Como mencionado, Katerina Demetzou focou sua apresentação na interação entre a GDPR, especialmente conforme vem sendo mobilizada pelas autoridades de proteção de dados europeias, e o futuro marco regulatório para IA na região. Os dois argumentos de Katerina na apresentação foram que há espaço, e diversos precedentes, de aplicação de diferentes dispositivos do regulamento de proteção de dados a sistemas de IA (inclusive generativa), mas que isso não significa que não haja necessidade de uma regulação compreensiva e forte para IA; ao contrário, trata-se de um contexto que requer melhor articulação entre os marcos legais. 

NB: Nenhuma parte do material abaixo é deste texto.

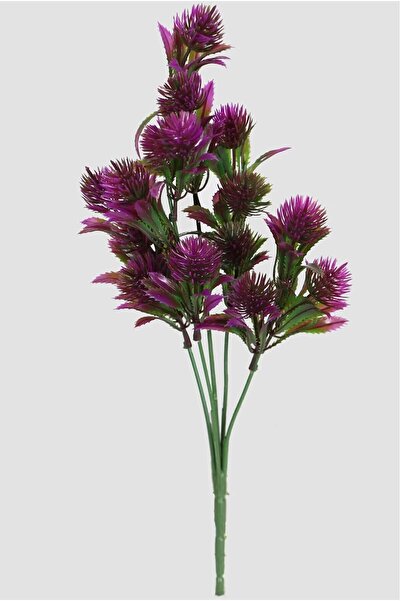 BYSHOME 5 Dal Yapay Çiçek Plastik Demet Fuşya Iğneli Çam Demeti Garnitür Aradal Dekoratif Yapay Bitki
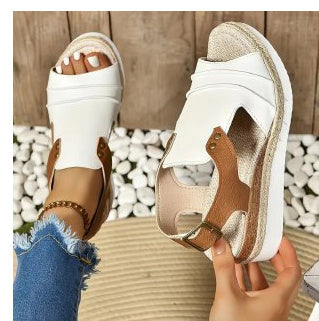 Sandales Compensées Femme Été Chic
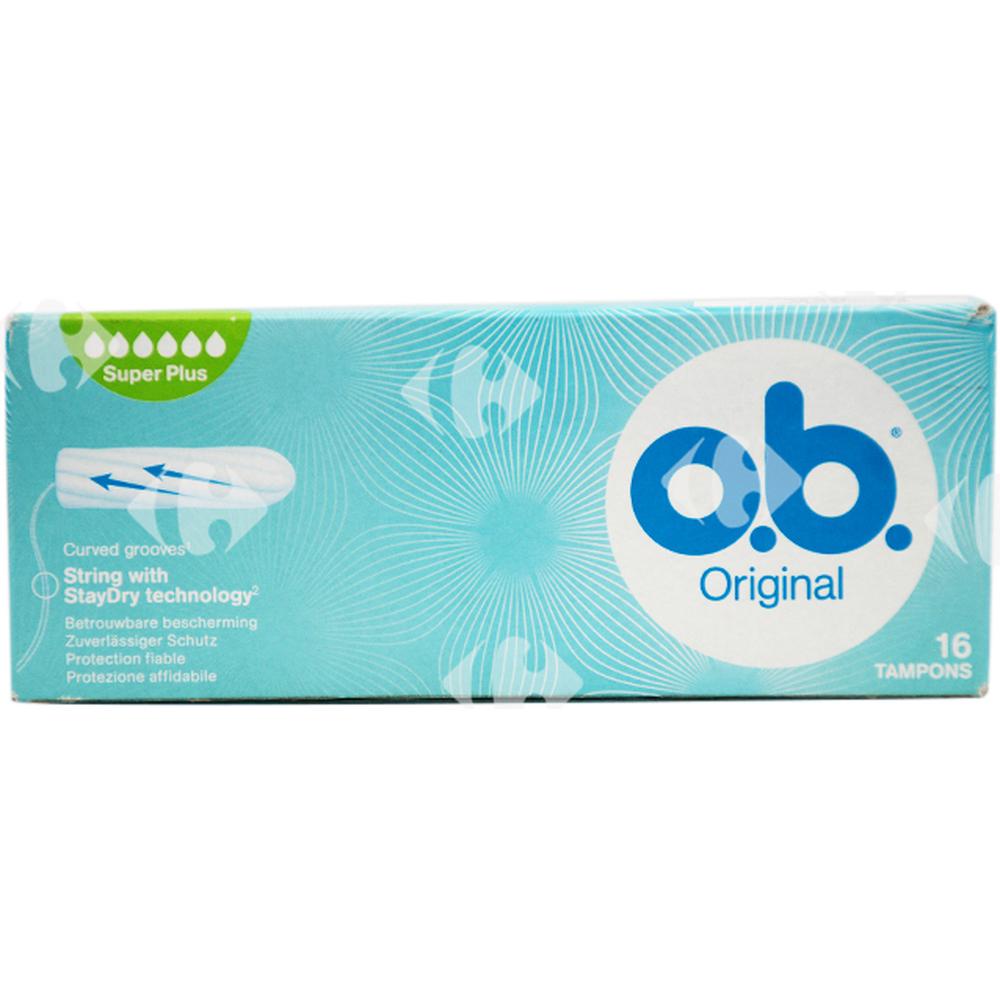 Tampons Sans Applicateur Super Plus Ob 16 unités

Sarah Chander, representante da sociedade civil europeia que também acompanha de perto o processo legislativo do European AI Act, discutiu sua avaliação do status dos direitos fundamentais desde o primeiro texto até a versão apresentada pelo Parlamento Europeu alguns dias antes da Conferência. Reconhecidamente uma legislação baseada no risco como o fator que desencadeia obrigações e deveres específicos, a proposta também é controversa justamente por não ter como ponto de partida os indivíduos e grupos afetados pelos sistemas de IA, nem os seus direitos fundamentais, a serem assegurados independente do fator risco. Sarah relatou como a incidência da sociedade civil ao longo do processo foi bem sucedida, já que o texto (então) atual reflete mais a visão de direitos, além de ser rígido na proibição total de alguns sistemas considerados inaceitáveis, mas também alertou que os esforços serão tremendos para que essas mudanças sejam incorporadas definitivamente ao texto final, já que no DNA da proposta está uma visão de negócios e facilitação do lançamento e implementação de IAs.

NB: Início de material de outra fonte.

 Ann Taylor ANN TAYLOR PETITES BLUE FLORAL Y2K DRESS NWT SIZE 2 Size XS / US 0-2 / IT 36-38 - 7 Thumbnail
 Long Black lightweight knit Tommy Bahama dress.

Risper Onyango, advogada e policy lead do Lawyers Hub Kenya, ancorou sua contribuição ao painel na percepção de que, ainda que no Kenya não haja atualmente um processo específico para gerar um marco regulatório sobre IA, é provável que isso venha a acontecer por influência da Europa. Risper destacou que movimentos semelhantes já ocorreram em relação a outras legislações relacionadas a tecnologia e dados pessoais, sem que necessariamente se tenha levado sempre em consideração as especificidades do país (ou da região). Diante disso, destacou esforços como o Artificial Intelligence Practitioner’s Guidebook – Kenya, documento multissetorial que aborda a interação de diversas normas existentes no país, inclusive a nível constitucional, e possíveis lacunas a serem futuramente preenchidas por uma regulação de IA, mas também aprofunda outros pontos relevantes para o contexto queniano, como (falta de) infraestrutura e investimentos e capacidades/capacitação da comunidade técnica, jurídica e da população do país como um todo para navegar mudanças tecnológicas que muitas vezes são impostas por atores externos em busca de mercados consumidores. 

O painel foi encerrado com um espírito colaborativo renovado entre participantes e organizações, interessadas em continuar as trocas sobre o que há de comum, de diferente e de empolgante sobre proteção de dados e regulação de novas tecnologias no Brasil, na União Europeia, no Kenya e além.